Assessing Plantation Health Using a Multivariate Index PTPN IV PalmCo

The health of oil palm plants is a strategic element in maintaining productivity and operational efficiency in plantations.

Plants that are not optimally monitored have the potential to cause a decline in production, increased maintenance costs, and risks to the operational sustainability of the plantation. To date, plant health monitoring is often carried out partially and reactively, relying on separate indicators and data that are not yet integrated. This condition makes it difficult for management to obtain a comprehensive picture of the plantation’s condition and to set appropriate data-based maintenance priorities. With the increasing availability of agronomic, spatial, climatic, and operational data, PT LPP Agro Nusantara presents an alternative solution through the development of a more measurable and proactive monitoring system. The multivariate analysis approach allows various plant health indicators to be integrated into a composite index that represents the condition of the plantation holistically and objectively.

Based on this, the development of the Multivariate Plant Health Control Dashboard has become a strategic necessity as a means of integrated monitoring and managerial decision support. This system is designed to improve the effectiveness of plant health control and support long-term plantation productivity and sustainability. The Multivariate Plant Health Algorithm is a plant health classification algorithm built on multivariate indices and combined with the Random Forest method. This algorithm functions to automatically monitor and classify the health conditions of plantation crops. Its implementation is carried out through a licensing agreement cooperation scheme for the integration of source code into the developed system.
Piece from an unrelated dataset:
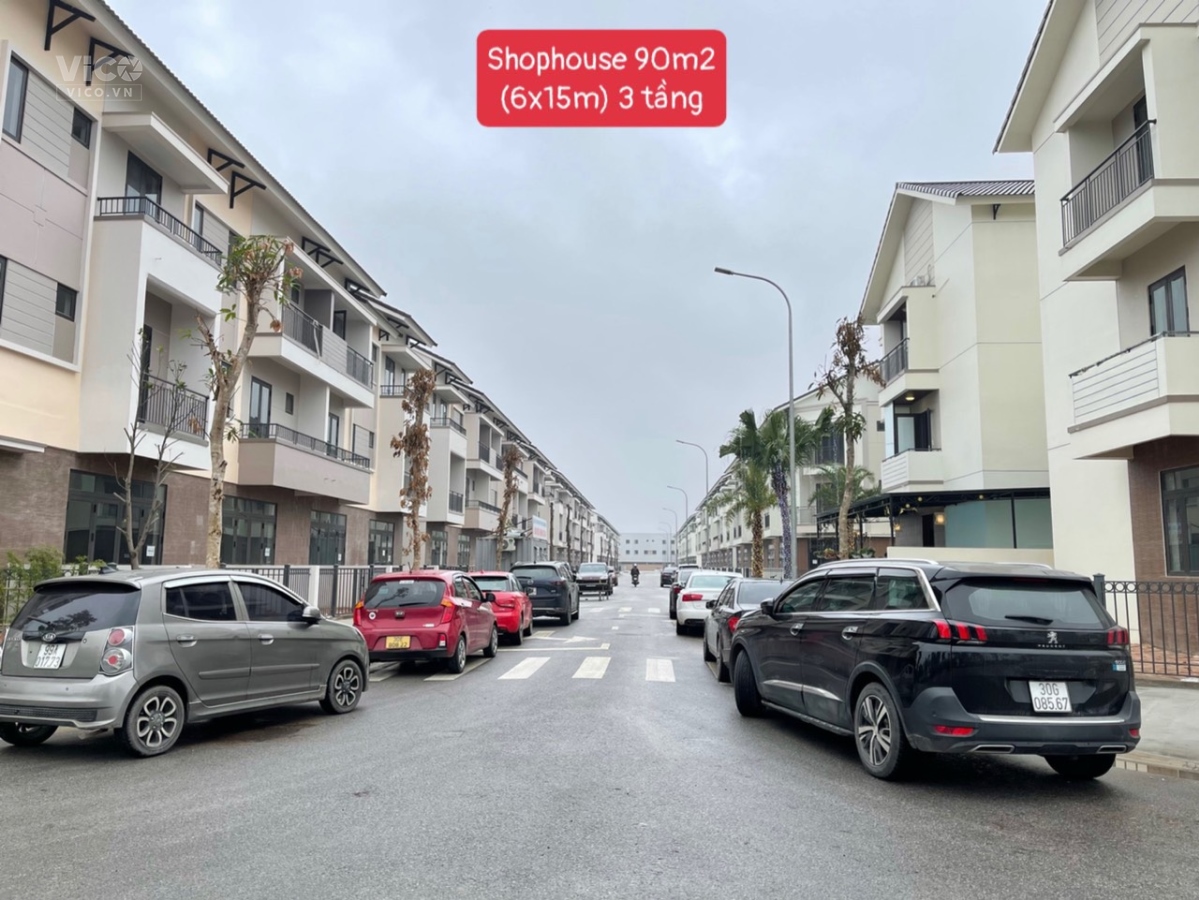 Bảng hàng chuyển nhượng tại dự án Centa Vsip Bắc Ninh giá từ 4,4 tỷ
Furthermore, the Multivariate Plant Health Dashboard was developed as an end-to-end system based on multivariate indices and the Random Forest machine learning algorithm within the framework of precision agriculture technology. This system is designed to support automatic, accurate, efficient, and measurable plant health monitoring and classification, as well as integration with the monitoring dashboard. The methodology used includes an image acquisition process sourced from satellite and drone images. The image data is then analyzed using the Normalized Difference Vegetation Index (NDVI) for plant health evaluation, land cover classification, and machine learning and artificial intelligence (AI) modeling for anomaly detection and pattern prediction. The analysis results are then presented in the form of dashboard visualizations and integrated through a geodatabase system with PostgreSQL/PostGIS and WebGIS API support.

The implementation of Multivariate Plant Health Assessment has had a significant impact on PalmCo through its ability to detect plant health problems early, improve the accuracy of determining treatment priorities, and strengthen data-driven decision making. Overall, this system contributes to increasing productivity, operational efficiency, and the achievement of the company’s sustainability targets.